Do you ever get into a rut? Where you do the same thing day after day, maybe to the point of boredom? Let’s say you pick up the same Trader Joe Mexicali Salad on the way home from the gym every Tuesday. Or you always make tacos on Thursday? Not that I do either of those things. (Sometimes it’s taco salad. ?)
When the weather gets a bit cooler, I often break that rut and substitute standard cool-weather recipes – my Swedish Pot Roast, Crock Pot Pulled Pork, or Chili with Beans are always a hit. But after a few weeks, I feel like I’m back in a rut. Same stuff, different season. So I need to mix things up a bit. On weekends, my friend Teresa and I like cooking things we’ve never cooked before that might require a bit more time. The resulting parade of flavor is so memorable, I can’t wait to make them again.
Usually, between the two of us, I have to say, we’ve come up with some pretty awesome meals! And trying these new flavors can often add interesting twists to the usual weekday meals. A while back, I learned of Posole (also spelled Pozole), a traditional Southwestern dish made with chicken or pork and hominy. (I promptly wondered what kind of rock I’ve been living under to not have heard of it before!) And, this Red Posole with Pork is something I made to make to break out of my habit of cooking the same things week after week.
Posole (Pozole) is historically a Mexican dish containing meat and Hominy (Pozole). The version I made is attributed to New Mexico, as it contains the dried version of the ripened New Mexico, or Hatch, chile. There are generally two main types of Posole: Green, which uses tomatillos and/or green chiles such as Hatch or Jalapeño, to make the sauce; and Red, in which the broth is made with a chile sauce of dried New Mexico chiles, garlic and onion. Hatch chiles are not a super-spicy variety to begin with, and, once dried, they have a rather earthy flavor and kind of a medium back-end spiciness.

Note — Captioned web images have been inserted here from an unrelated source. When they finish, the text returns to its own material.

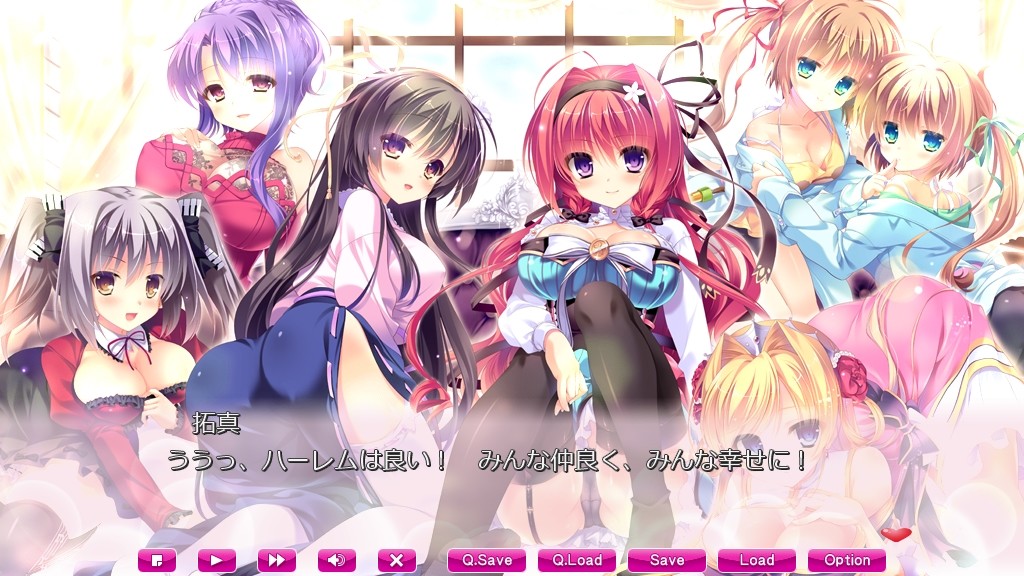 러브러브 라이프 ～아가씨 7명과 러브러브 하렘 생활～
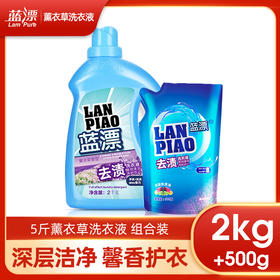 「2kg+500g组合装」蓝漂洗衣液5斤组合装 薰衣草香味补充居家日用实惠装清洁工具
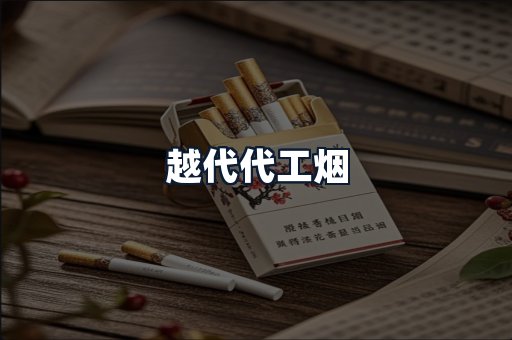 越代代工烟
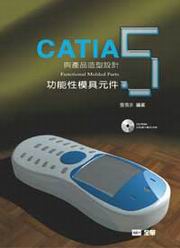 CATIAP~y]p(5)G\ʼҨ㤸(ߧ@Ф)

This particular recipe begins with making a chile sauce from the reconstituted dried chiles, sautéed onions and garlic and a bit of chicken stock. Then, you use this sauce, along with more stock to simmer the seared pieces of pork and the hominy. The resulting soup or stew is delicious and satisfying. It has a combination of flavors like nothing I’d ever had before. Garnished with a generous squeeze of lime, some shredded cabbage and thin-sliced radishes, I was in heaven!
So break out of your rut! Spice up your life! Make some Red Posole with Pork. You won’t be sorry!
Red Posole with Pork (Pozole Rojo)
A hearty, satisfying dish, this soup or stew-like meal is made with New Mexican (Hatch) Chiles. These are not super-spicy, but are more flavorful and earthy with a medium kick.
Serve with garnishes at the table. I like a good squeeze of lime and some thin-sliced radishes and cabbage to push into the broth.
Special equipment needed: a large heavy pot for the soup and either a blender or food processor to make the chile sauce
- Prep Time: 45 mins
- Cook Time: 2 1/2 hr
- Total Time: 3 hr 15 min
- Yield: 10 servings 1x
- Category: Soups and Stews
- Method: Stovetop
For the Posole
- 6 dried New Mexico Chiles, stemmed and seeded (about 2 oz)
- 2 T olive oil
- 2 Medium Yellow Onions, chopped
- 8 cloves garlic, sliced
- 4 lb boneless Pork Shoulder or Country-style Ribs, cut into 3/4” cubes
- 1 T ground Cumin (or more to taste)
- 4 c (1 qt.) Chicken stock
- 1 1/2 t dried Oregano
- 2 – 25 oz. cans Hominy, drained and rinsed
- Sliced or shredded cabbage
- Radishes, thin-sliced
- Limes, sliced
- Tortilla Chips
- Red chile flakes
Prepare the Chile Sauce
- In a medium saute pan over high heat, toast the stemmed and seeded chiles for a couple minutes per side, or until they begin to puff up a bit and become fragrant. Cut into smaller pieces with a scissors and place into a shallow dish or bowl and cover with 1 1/2 cups very hot water. Let sit for 15 minutes to soften while you prepare the onions and garlic.
- Heat a large heavy pot (the one you will use for the soup) to medium or medium-high, add the oil, followed by the chopped onions and the garlic. Sauté for 8 minutes until soft.
- Place the chiles in water, along with the onions and garlic into a blender or food processor and purée until smooth. Set aside.
Prepare the Soup
- In 2-3 batches, brown the pork in the same large heavy pot you used for the onions and garlic. Add a teaspoon of cumin along with salt and pepper to each batch.
- Once the pork is all browned and in the pot, add any remaining cumin, along with the chile sauce mixture, oregano and hominy. Stir and cover with stock or broth. If you use the entire quart of stock, just add water if it did not cover all of the ingredients.
- Simmer 2 hours or more, salting to taste, and adding more cumin if desired. (I probably added another 1-2 teaspoons)
- Prepare desired garnishes
- Serve with garnishes on the side, so each person can add their own.